What the exercise asks> Copy exactly every line below, from the first through the one that contains "One: listening and", and skip all pictures.

Given material>
________

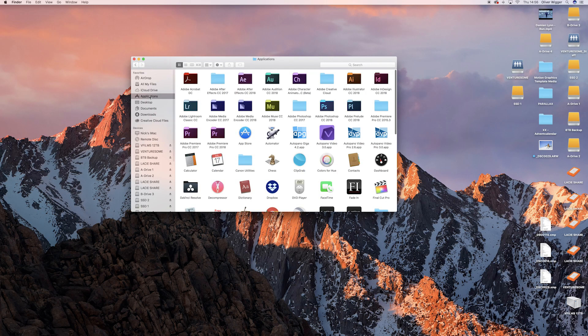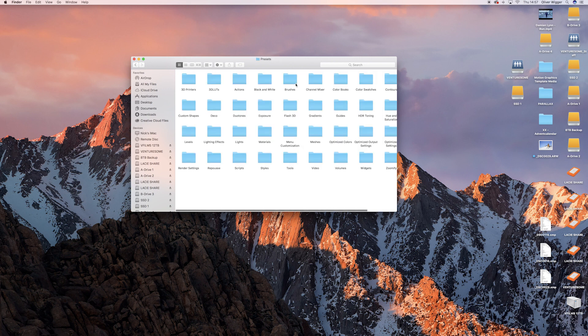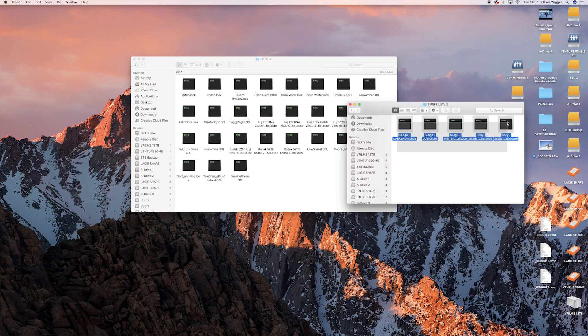To use LUTs in Photoshop you first need to import them into the Photoshop Applications folder. To do so go into your Applications window, double-click Adobe Photoshop CC 2018, go into the Presets folder and then into the 3D LUTs folder. Now simply drag and drop your 3D LUTs in here.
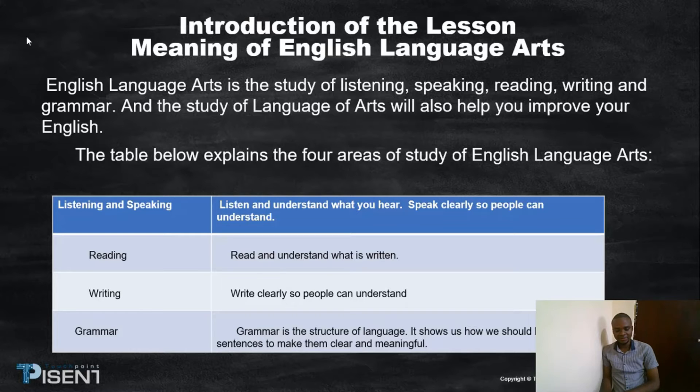One: listening and speaking. Understand what you hear. Speak what is clearly written so people can understand.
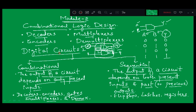Before we start with the actual topic, we will discuss what are the different kinds of digital circuits. Digital circuits are divided into two types: one is the combinational circuit and the second one is the sequential circuit. The output of a combinational circuit depends on only the present inputs. Examples include decoders, encoders, gates, multiplexers, and demultiplexers — all come under the category called combinational circuit.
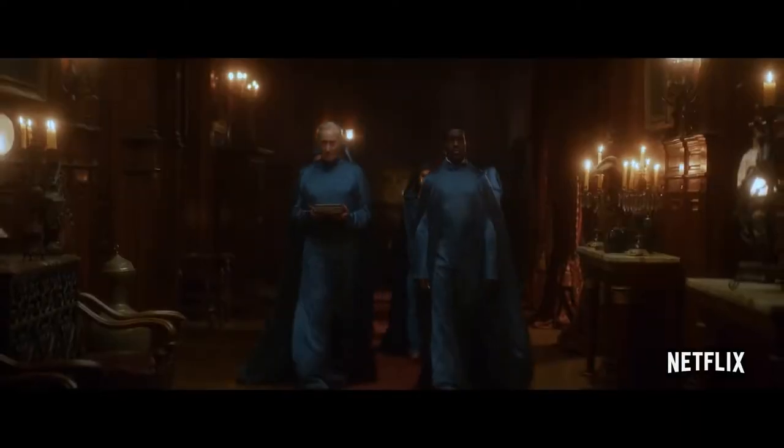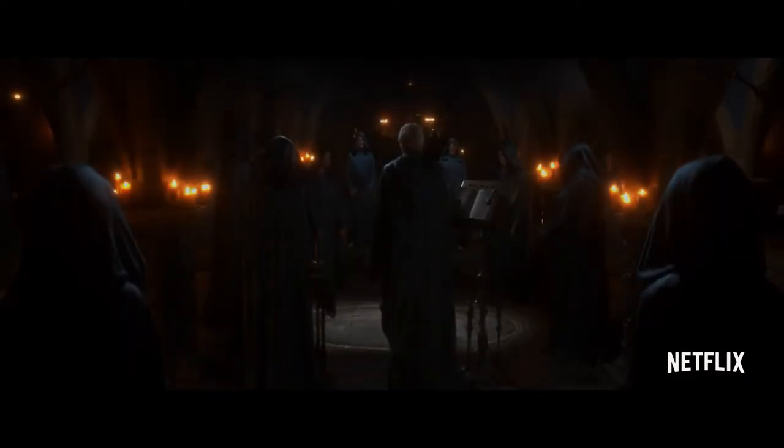Tonight we will achieve what no one has even attempted. We will summon and imprison death.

________

Answer area>
To use LUTs in Photoshop you first need to import them into the Photoshop Applications folder. To do so go into your Applications window, double-click Adobe Photoshop CC 2018, go into the Presets folder and then into the 3D LUTs folder. Now simply drag and drop your 3D LUTs in here.
One: listening and speaking. Understand what you hear. Speak what is clearly written so people can understand.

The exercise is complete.